Sunday, December 12, 2010

New blogger name

I wanted a new name so I asked Big Daddy to help and this is what he came up with for now he said he would continue to think of another one. This one came about after several that I shot down. Our lives have been going on the steady no big deals thank goodness a few spankings just for fun.

Everyday is a new adventure for me. Reading others blogs is like peeking into my own life one that I wish we had started along time ago.I've stated before I didn't come right out years ago and asked more like hinted that he should just spank me when he got mad but I don't think he thought I was serious I think it was more like make-up sex talk but I was serious but afraid. The one and only time he  got angry enough to grab me, throw me across the bed and lay a few wallops across my jean covered butt I fell into hysterical crying and him comforting me. He remembers none of this happening. I spent even more years thinking and wishing for him to do this again.

As far back as I can remember I've thought about spanking. Anything remotely to do with it. Cartoons, movies, books anything with any little hint of spanking sent me off into this warm wishful thinking that I wanted it to be me but who in their right mind would ask. I could never get it out of my head that I was damaged somehow. I had things happen in my past that I couldn't talk about let alone think about and felt it was all related and I was just mental in the head. I never knew that so many people thought this same thing. Thank goodness for the Internet.

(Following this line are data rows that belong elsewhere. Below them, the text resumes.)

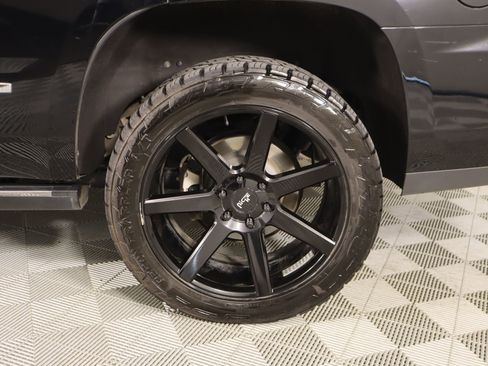 Used 2020 GMC Yukon Denali w/ Open Road Package image 21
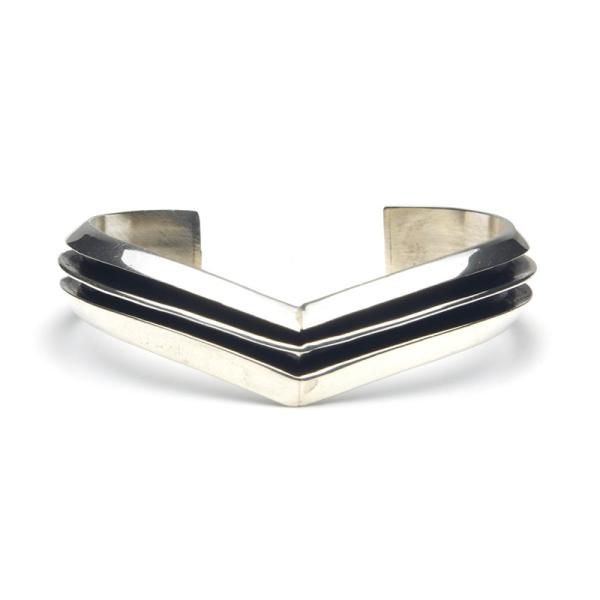 TOM HAWK トムホーク V LINE BANGLE TOM HAWK トムホーク V LINE BANGLE TOM HAWK トムホーク V 1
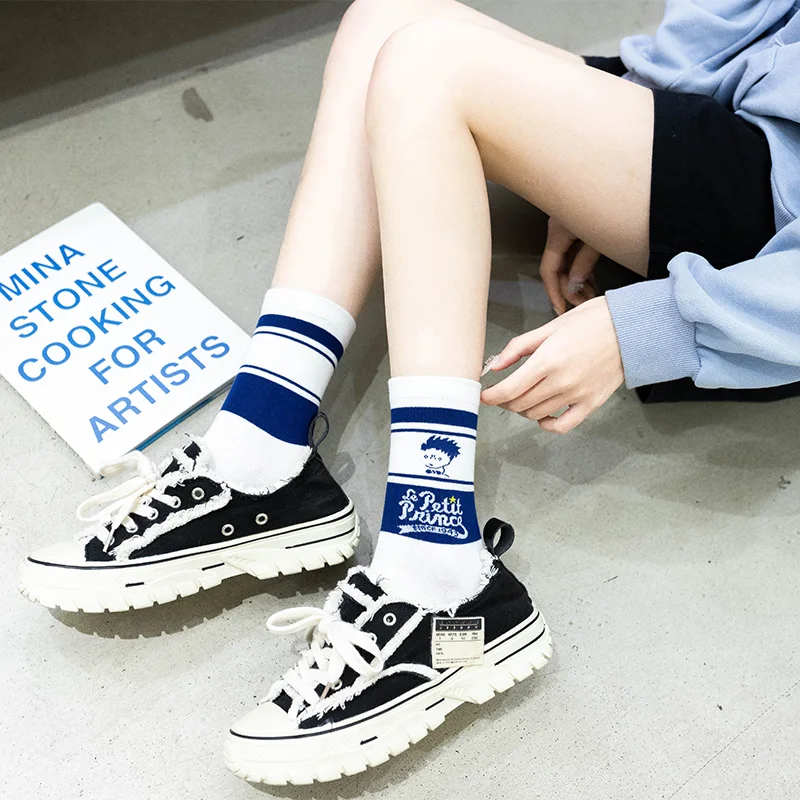 4 Pairs/Box Cartoon Little Prince Stockings Cotton Harajuku Blue Soft Portrait Trend Pack Personality Tube Men Women Socks Gifts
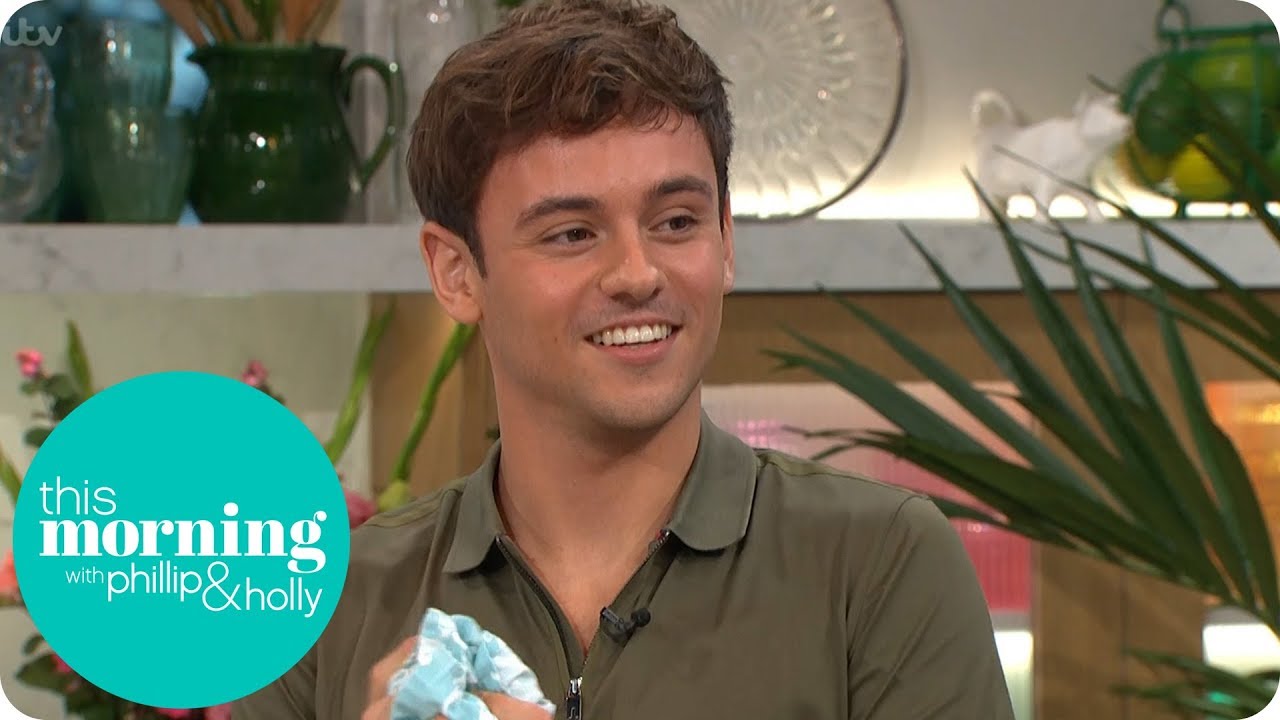 Tom Daley's Olympic Burger With Homemade Ranch Dip | This Morning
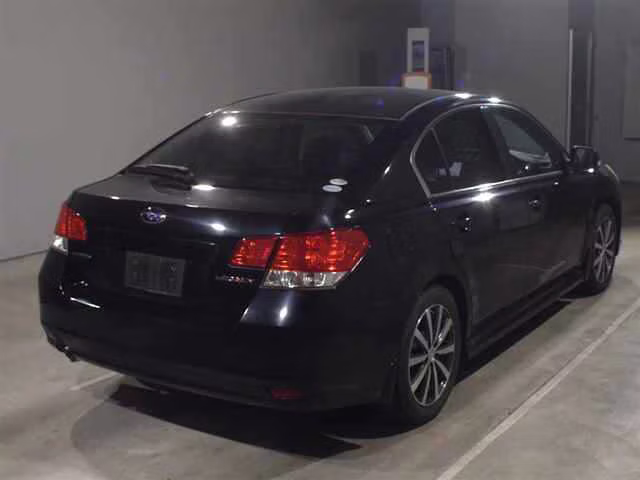 SUBARU LEGACY B4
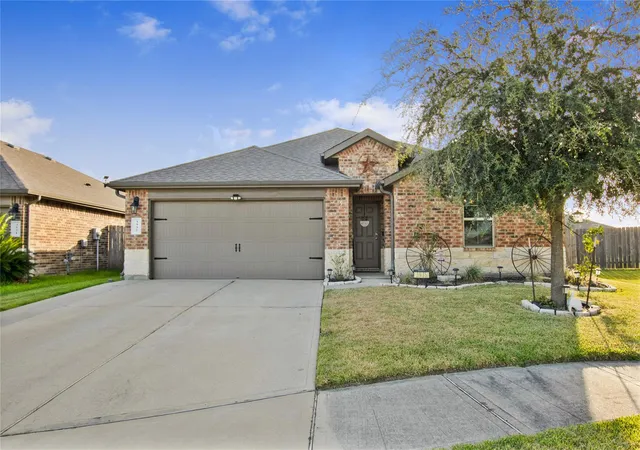 1st image of 3935 Barnacle Ct, Baytown, TX 77521 | MLS# 30688620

If I had one wish in the world I'd go back years into my relationship with Big Daddy and just ask. We would have spent so many unhappy moments fixing instead of fighting. Live and learn. I'm learning and living but can't get over that nagging feeling of regret?! I think that's what the feeling is regret that I didn't speak up sooner. Regret that I didn't have the courage enough to just say how I felt. This wasn't his fault not entirely. I just took things he said as his way of hurting me that's all I understood with my dysfunctional family and his dysfunctional family we just didn't know how to live together. I was always pushing him to react I know this now. There were so many key moments of my life that I can see now as those moments when I needed him the most to react. I'm sure he's thought about it now "wow I should have spanked her for that." I would never do those things now. He's said it lately a few times that we would have had a lot more kids if we had started this sooner. haha  Kinda glad the ones we have are quite enough and sneaking around the kids gets so old.